The rise of Wexit, as well as Kenney’s landmark Firewall Speech, have shifted the political narrative in recent weeks away from climate change and blackface into the dangerous realm of national unity. Western alienation has become the front-page storyline across the nation.
Freeland comes to the table with plenty of experience as Trudeau’s go-to minister, navigating dangerous diplomatic waters in negotiating the new NAFTA agreement. Her performance must have impressed Trudeau, as she now holds the portfolio that seems to be the most treacherous for the Liberal Party – bridging a growing divide between Alberta, Saskatchewan and the rest of Canada.
“Today, in 2019, I think Canadians understand that our most important challenges are more domestic,” Freeland said. “It’s a moment when we must work to be a united country and a country that can work in a united manner.”
“The election sent a message from the West,” she told reporters, adding, “Now is a moment when we need to respond, to begin with, by listening really, really hard.”
The rest of the cabinet appointments, at least at first glance, don’t seem to make her job much easier. Noticeably, of the 36 cabinet ministers, 10 were from Quebec. An over-representation of Quebecers could prove to be a bane for Freeland, especially as Bloc Leader Yves-Francois Blanchet and Premier Kenney are locked in a fiery battle of words over Alberta’s energy sector and Equalization.
Newly appointed Natural Resource Minister Seamus O’Regan brings a lack of experience to the portfolio, and his strong ties to Newfoundland could add another obstacle in the way of resource development in the West.

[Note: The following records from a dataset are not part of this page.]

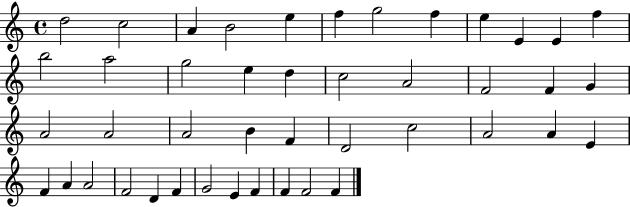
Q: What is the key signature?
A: C major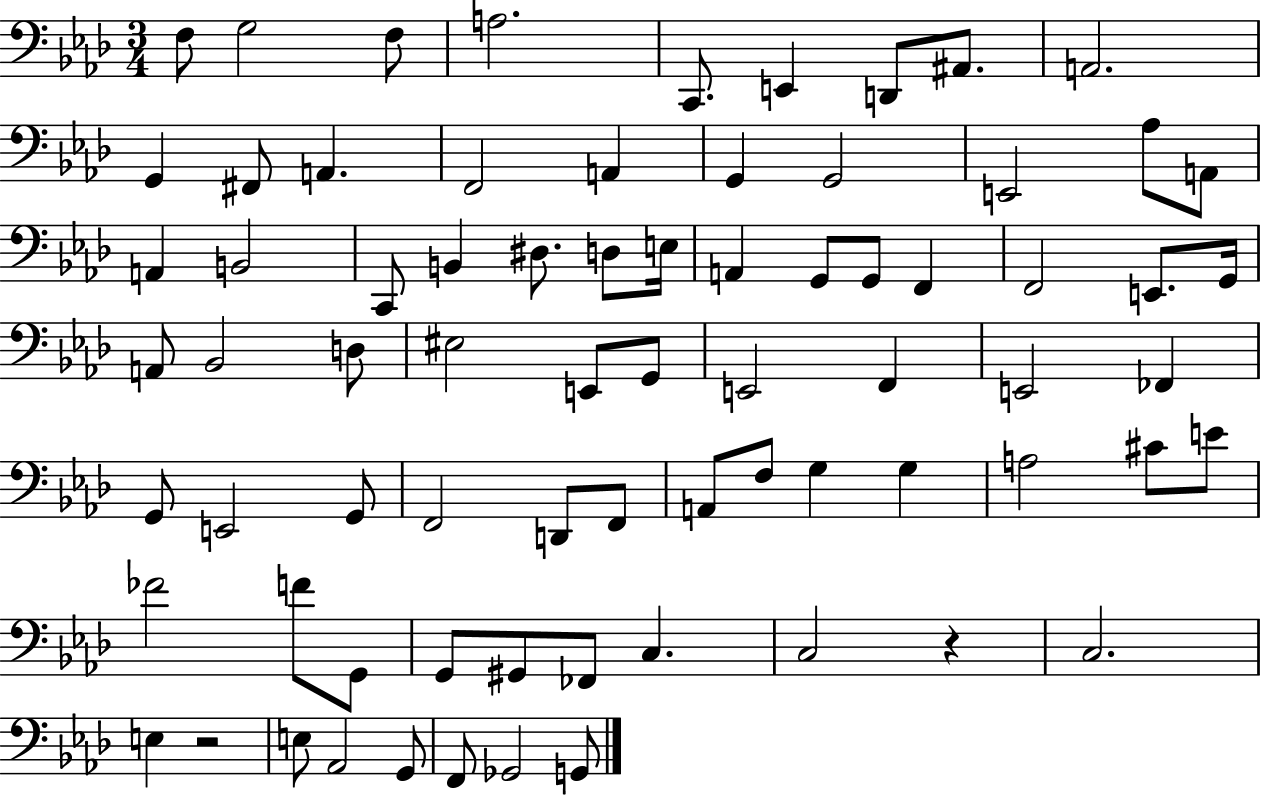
X:1
T:Untitled
M:3/4
L:1/4
K:Ab
F,/2 G,2 F,/2 A,2 C,,/2 E,, D,,/2 ^A,,/2 A,,2 G,, ^F,,/2 A,, F,,2 A,, G,, G,,2 E,,2 _A,/2 A,,/2 A,, B,,2 C,,/2 B,, ^D,/2 D,/2 E,/4 A,, G,,/2 G,,/2 F,, F,,2 E,,/2 G,,/4 A,,/2 _B,,2 D,/2 ^E,2 E,,/2 G,,/2 E,,2 F,, E,,2 _F,, G,,/2 E,,2 G,,/2 F,,2 D,,/2 F,,/2 A,,/2 F,/2 G, G, A,2 ^C/2 E/2 _F2 F/2 G,,/2 G,,/2 ^G,,/2 _F,,/2 C, C,2 z C,2 E, z2 E,/2 _A,,2 G,,/2 F,,/2 _G,,2 G,,/2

“What it looks like the Liberals are trying to do is to just piece together a semblance of a national cabinet that includes people that can at least claim that they have a Western voice — that they’re not tone deaf,” said pollster Nik Nanos. “The fact of the matter is, when you’re looking at individuals like Freeland and [environment minister Jonathan] Wilkinson, they can say that they’re from the Prairie provinces.”
Freeland was born in Alberta, but spent most of her life in the East, and represents a Toronto constituency. The Liberals seem to believe that the soil of her birth will add to her credibility with Westerners.

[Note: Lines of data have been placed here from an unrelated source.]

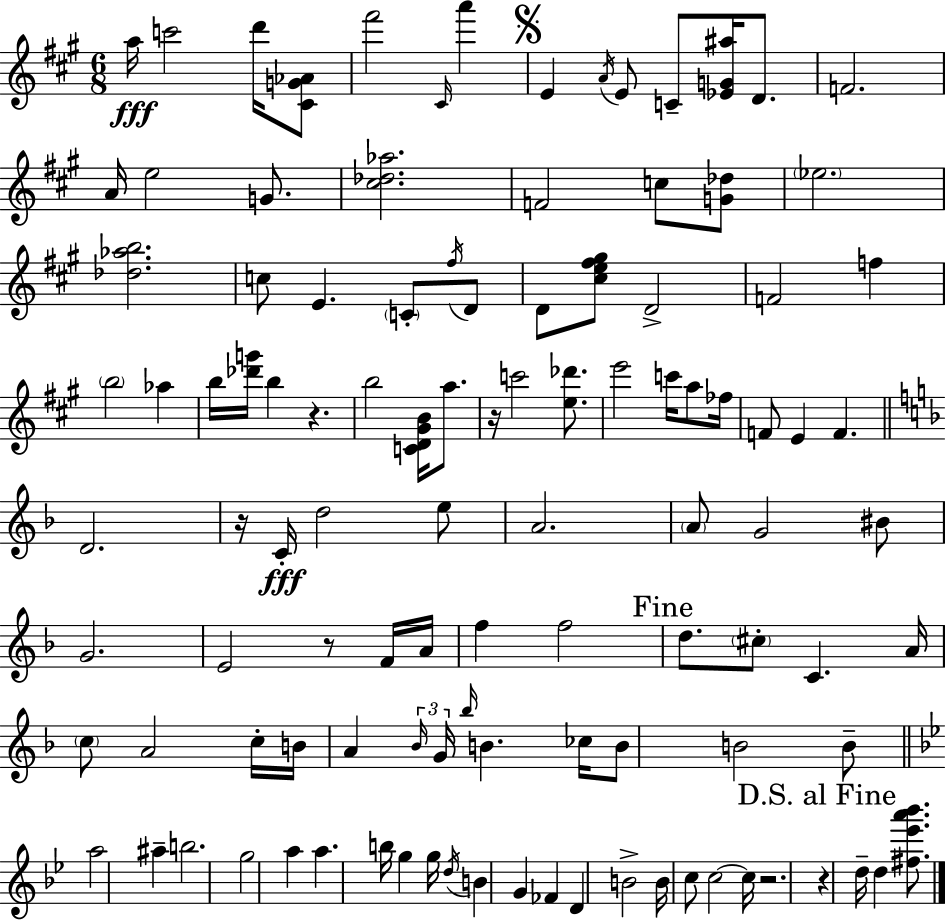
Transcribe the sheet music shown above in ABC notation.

X:1
T:Untitled
M:6/8
L:1/4
K:A
a/4 c'2 d'/4 [^CG_A]/2 ^f'2 ^C/4 a' E A/4 E/2 C/2 [_EG^a]/4 D/2 F2 A/4 e2 G/2 [^c_d_a]2 F2 c/2 [G_d]/2 _e2 [_d_ab]2 c/2 E C/2 ^f/4 D/2 D/2 [^ce^f^g]/2 D2 F2 f b2 _a b/4 [_d'g']/4 b z b2 [CD^GB]/4 a/2 z/4 c'2 [e_d']/2 e'2 c'/4 a/2 _f/4 F/2 E F D2 z/4 C/4 d2 e/2 A2 A/2 G2 ^B/2 G2 E2 z/2 F/4 A/4 f f2 d/2 ^c/2 C A/4 c/2 A2 c/4 B/4 A _B/4 G/4 _b/4 B _c/4 B/2 B2 B/2 a2 ^a b2 g2 a a b/4 g g/4 d/4 B G _F D B2 B/4 c/2 c2 c/4 z2 z d/4 d [^f_e'a'_b']/2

Whether the strategy pays dividends is another question. What is needed to bridge the divide between the West and Ottawa are structural changes. Western alienation is not an issue in which a band-aid and simple recognition can fix.
Kenney’s recently announced “Fair Deal Panel” now have a clearer picture of what kind of a federal government they are working with. Granted, just because Trudeau has signalled that he is listening, the centralized manner in which he has operated his government means that those making decisions lie in the Prime Ministers office.
If we want a fair deal, the Prime Minister simply sending subordinates to “listen really really hard” is not going to help. It’s going to come down to Albertans to make sure that we are heard.
It’s time to fight for a fair deal. A fair deal that abolishes an equalization program that has deepened an already devastating recession in Alberta. A fair deal that upholds the constitutional right to free trade across provincial borders for goods, services, and infrastructure such as pipelines. A fair deal that builds into government regional representation, rather than hoping that the federal government is actually listening.
The ball is back in Kenney’s court now.